**SOURCE DATA**.
((

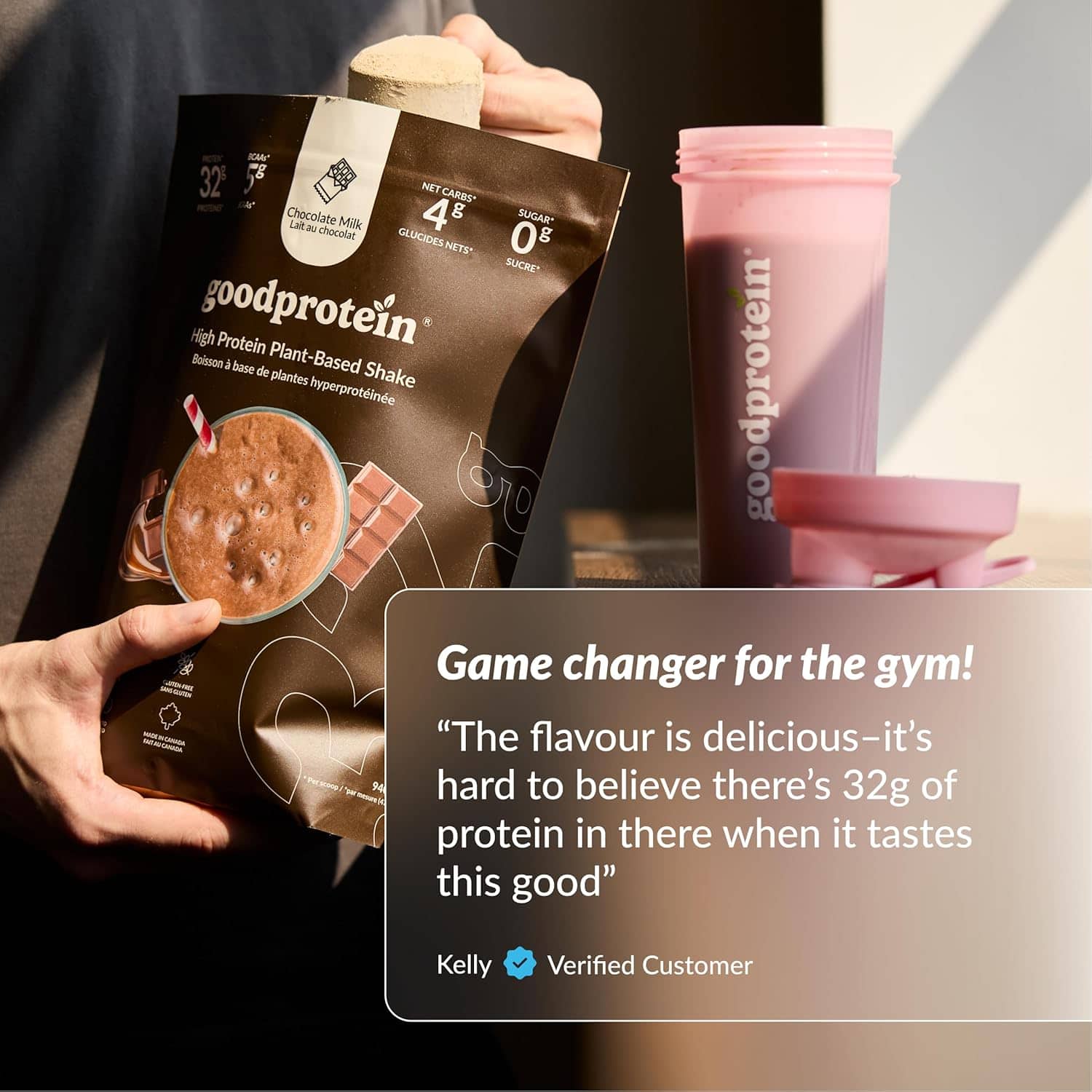 Goodprotein shake package held by a person with a testimonial quote on a gray background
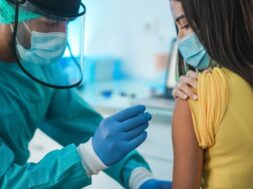 doctor-with-hazmat-suit-protective-gloves-giving-patient-vaccine-coronavirus-disease-focus-doctor-hand_166273-1005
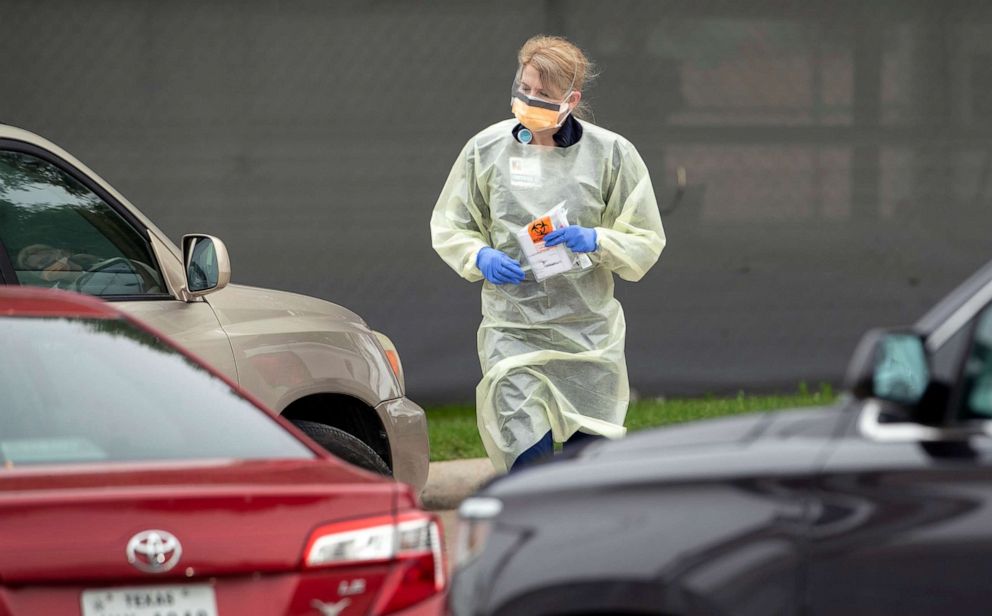 PHOTO: A medical provider works at a drive-through coronavirus testing station at Baylor Scott & White Clinic on Burnet Road, March 15, 2020, in Austin, Texas.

))

**TASK**. Your reply should hold every line above exactly as written and none of the pictures.

**TASK RESULT**.
 Goodprotein shake package held by a person with a testimonial quote on a gray background
 doctor-with-hazmat-suit-protective-gloves-giving-patient-vaccine-coronavirus-disease-focus-doctor-hand_166273-1005
 PHOTO: A medical provider works at a drive-through coronavirus testing station at Baylor Scott & White Clinic on Burnet Road, March 15, 2020, in Austin, Texas.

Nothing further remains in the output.